Your answer must match, word for word, the lines from the one holding "Blue Mini Cooper in mountain landscape" through the final line below, with pictures excluded.

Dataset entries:
============================================================

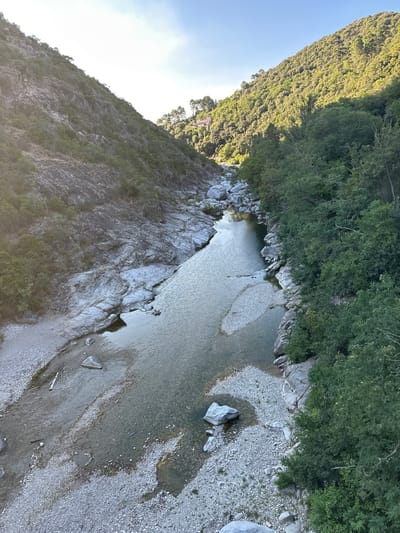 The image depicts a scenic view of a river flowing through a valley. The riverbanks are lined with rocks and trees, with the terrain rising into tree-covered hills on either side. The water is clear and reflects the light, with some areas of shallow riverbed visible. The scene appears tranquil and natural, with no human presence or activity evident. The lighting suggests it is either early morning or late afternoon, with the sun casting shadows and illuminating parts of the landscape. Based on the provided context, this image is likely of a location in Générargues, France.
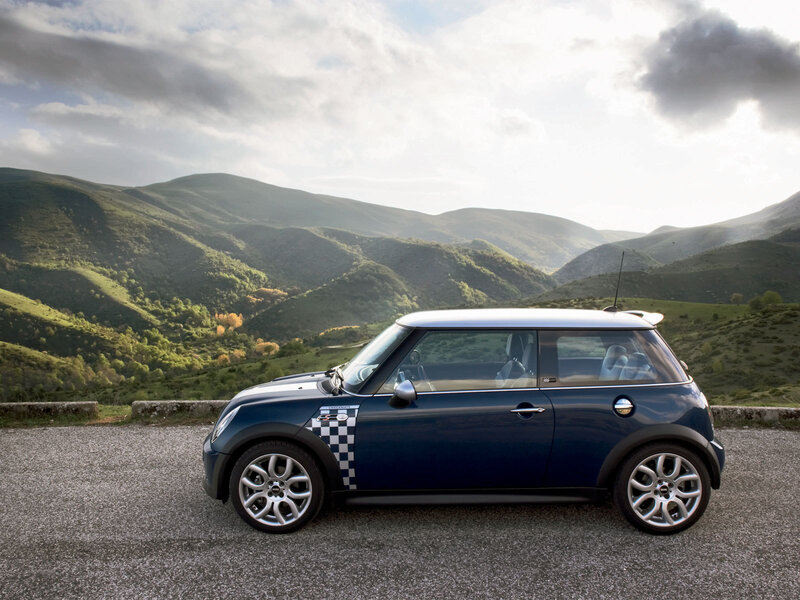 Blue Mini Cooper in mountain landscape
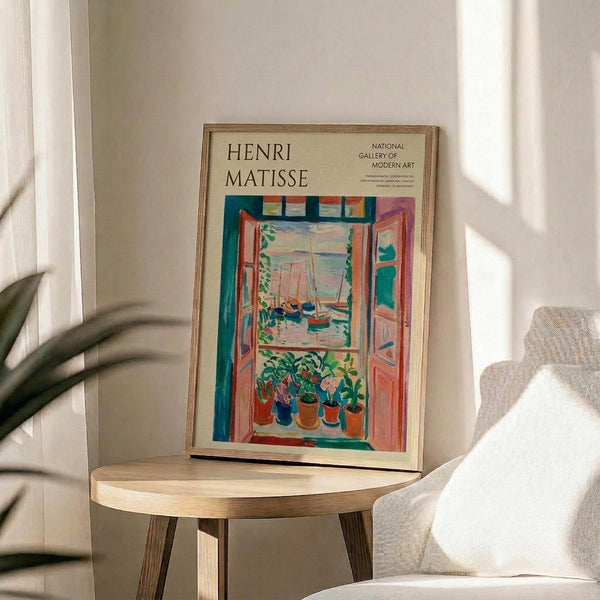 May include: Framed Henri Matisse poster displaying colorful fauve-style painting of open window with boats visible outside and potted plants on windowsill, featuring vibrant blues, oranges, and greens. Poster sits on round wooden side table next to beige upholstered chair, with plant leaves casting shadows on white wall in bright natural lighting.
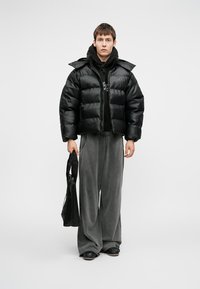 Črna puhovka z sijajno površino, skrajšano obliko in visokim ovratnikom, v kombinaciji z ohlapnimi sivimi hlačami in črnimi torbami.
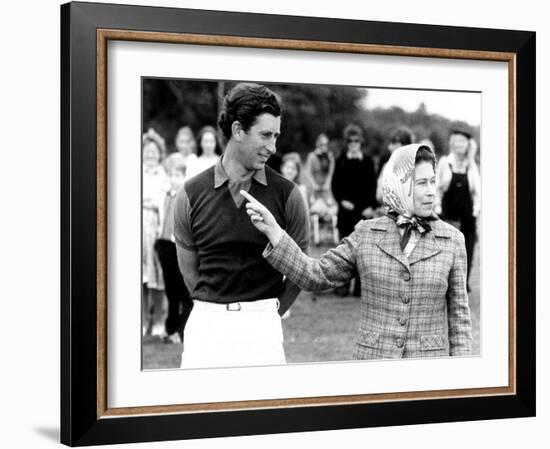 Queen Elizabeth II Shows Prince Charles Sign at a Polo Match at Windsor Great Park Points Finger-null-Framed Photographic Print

============================================================

» **ANSWER**:
 Blue Mini Cooper in mountain landscape
 May include: Framed Henri Matisse poster displaying colorful fauve-style painting of open window with boats visible outside and potted plants on windowsill, featuring vibrant blues, oranges, and greens. Poster sits on round wooden side table next to beige upholstered chair, with plant leaves casting shadows on white wall in bright natural lighting.
 Črna puhovka z sijajno površino, skrajšano obliko in visokim ovratnikom, v kombinaciji z ohlapnimi sivimi hlačami in črnimi torbami.
 Queen Elizabeth II Shows Prince Charles Sign at a Polo Match at Windsor Great Park Points Finger-null-Framed Photographic Print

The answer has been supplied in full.